Ontologies for topics (Welty’s topic topology [15], topic maps standard [16], OnTopic principles [11], semantic portals design [17]). oneFish topic trees (R-OL).

This results into secondary resource SR-OL.

3.4 Building domain axioms

Once taxonomies are cleaned to a certain extent, documented, and divided into appropriate namespaces, some activities aimed at raising the conceptual detail of the ontology can be started. The most important is the characterisation of domain concepts with axioms.

3.4.1 Integrating resources R-DO.4,5 and upgrading them to the status of logical axioms (formalise informal axioms).

This requires understanding the quantification applicable to those axioms: existential (necessary) or universal (contingent)?

This results into secondary resource SR-DAX.1 (upgraded Domain Axioms).

3.4.2 Axiomatising glosses from SR-GL.1,2,3,4.

Here the ONIONS methodology [10] can be applied to derive formal domain axioms from natural langage descriptions.

This results into secondary resource SR-DAX.2.

Warning: this activity is time-consuming, and semi-automatic techniques are still a research issue [13]. Scalability and approximate results should be considered for the final project phases.

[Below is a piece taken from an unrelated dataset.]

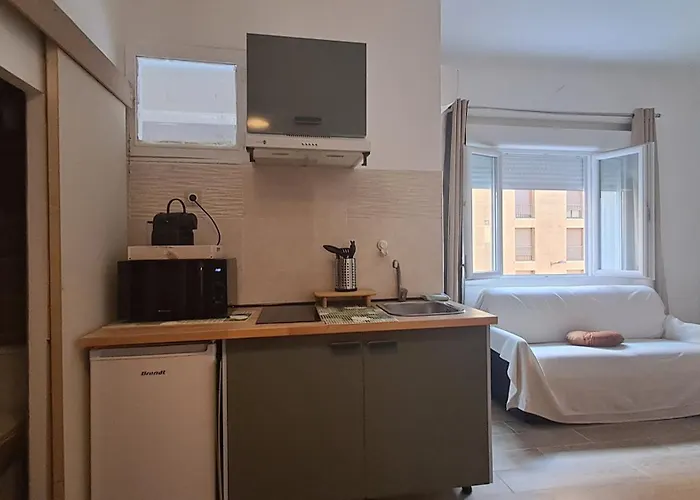 Studio Au Coeur Du Vieux Port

3.4.3 Revising and harmonising formal descriptions from SR-DAX.1,2 according to conceptual schemata (FCO).

This results into secondary resource SR-DAX.3.

3.5 Modularising ontology library according to topics

Reconstruct dependency chains in SR-DAX.3 and check preliminary topic topology (SR-OL) to produce a first version of the ontology library architecture (OLA). Here the OnTopic methodology [11] can also be applied to derive boolean search spaces from dependency chains of topics.

3.6 Providing multi-lingual lexicalisation to elements in the ontology library

An integrated fishery ontology benefits from the existence of terms already related to concepts in the original resources, since these semi-automatically provide the so-called lexicalisation of concepts. On the other hand, having an integrated ontology also provides a powerful tool to check polysemous senses of terms, as well as to check consistency of UF thesaurus relations and consistency of multi-lingual equivalents.

R-LEX.1,2,3,4 are integrated according to SR-RDTA.

3.7 A mediation architecture

Figures 3 and 4 show two simple architectures to support information brokering [6] or unified search after merging of fishery information systems by means of Fishery Ontology Service.

Fig. 3. A brokering architecture for querying heterogeneous fishery ISs.

Fig. 4. A unified interface after merging of heterogeneous terminological resources.